On commence notre aventure aux côtés d'Elise, une scientifique vivant à bord du Victoria III, et qui n'hésite pas à critiquer les choix de ses dirigeants, dont le Premier Conseiller, attaché aux valeurs d'une humanité qu'il a quitté il y a maintenant des siècles. Il faut dire que le quotidien dans le gigantesque navire n'est pas de tout repos, et que plusieurs camps politiques s'affrontent dans les ombres, pour le contrôle du Victoria III. Si l'idée d'une arche spatiale incarnant l'avenir de l'humanité n'est pas nouvelle, Philippe Ogaki, qui signe les dessins et le scénario de cet album, s'emploie à rendre le voyage moins commun avec quelques bonnes idées, dont cet affrontement politique qui s'inscrit en filigrane de la vie à bord.

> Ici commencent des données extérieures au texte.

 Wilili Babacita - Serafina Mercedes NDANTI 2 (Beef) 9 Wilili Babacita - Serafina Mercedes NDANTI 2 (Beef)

Malheureusement, ces idées ont à peine le temps de rebondir dans nos têtes qu'elles sont déjà remplacées par d'autres. C'est là une des caractéristiques de cet album, qui est extrêmement dense en termes de contenu et de réfléxions. Parfois, on préfera passer à une nouvelle étape du récit, mais souvent, on se dit que les rebondissements auraient mérité plus de développement. Dommage pour Terra Prime, qui semble fourmillier de bonnes idées, mais qui n'ont pas toutes le temps de germer dans l'esprit du lecteur.

Côté dessin, le trait est inégal, bien qu'original. Philippe Ogaki puise en effet dans l'esthétique de la science-fiction américaine, avec des décors et des personnages qui ne sont pas sans rappeler des classiques du jeu-vidéo comme Mass Effect ou Halo. Les amateurs de cette SF mainstream mais léchée seront donc servis, mais on aurait aimé plus d'originalité dans les concepts. À défaut, le mélange des influences franco-belge et manga fonctionne assez bien au sein de l'univers développé par Terra Prime. En revanche, les couleurs de Linda Akonesilp et d'Ogaki, au rendu très métallique, ne servent pas vraiment les dessins de l'auteur.

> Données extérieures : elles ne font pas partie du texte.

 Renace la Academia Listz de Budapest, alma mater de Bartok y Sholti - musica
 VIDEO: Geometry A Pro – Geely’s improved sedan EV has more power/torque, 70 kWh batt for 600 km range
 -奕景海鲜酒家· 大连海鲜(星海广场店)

En somme, la première partie de l'album souffle le chaud comme le froid, mais souffre surtout de sa densité. Les enjeux, qui ont peu de place pour se développer, nous passent un peu au dessus. En conséquence, les personnages deviennent très archétypaux, voire caricaturaux, nous empêchant toute identification durable. Le rythme, bien heureusement, finit par ralentir dans la seconde moité de l'album. Dans cette dernière, le vaisseau que nous connaissions n'occupe plus le rôle de décor, et les concepts disposent d'un peu plus de temps pour se développer.

C'est indéniablement la partie la plus intéressante de l'album, qui pousse plus loin la démarche entamée par Ogaki dans son introduction. Ca n'empêche pas le récit d'être gangrené par des ellipses colossales maladroitement corrigées par une exposition peu subtile. Mais dans l'ensemble, ce deuxième contexte offre à Terra Prime un terrain de jeu plus intéressant et un poil plus original. Il aurait d'ailleurs pu l'être encore plus si Philippe Ogaki avait assumé toutes ses idées. Par exemple, on évoque la reproduction inter-espèces, mais on ne nous explique pas comment elle peuvent communiquer.

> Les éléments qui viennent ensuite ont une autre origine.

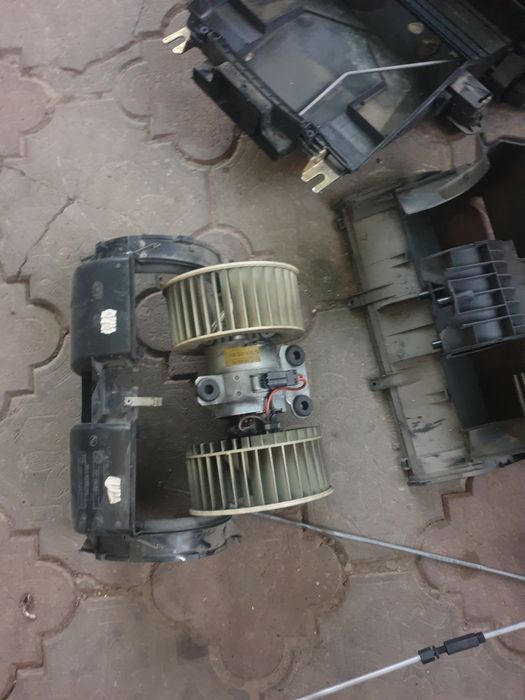 Печка BMW E39 комплект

Récit extrêmement dense porté par des dessins pas toujours envoûtants, Terra Prime parviendra tout de même à capturer la curiosité des fans de S.F avec ses belles idées et ses ambitions. L'exposition, les archétypes et les lieux communs sont au rendez-vous, mais sont assez bien nuancés par quelques trouvailles et ce qu'il faut d'audace. Ce n'est sans doute pas le meilleur album à base de science-fiction de l'histoire du franco-belge, mais c'est un travail honnête et complet qui mérite votre attention.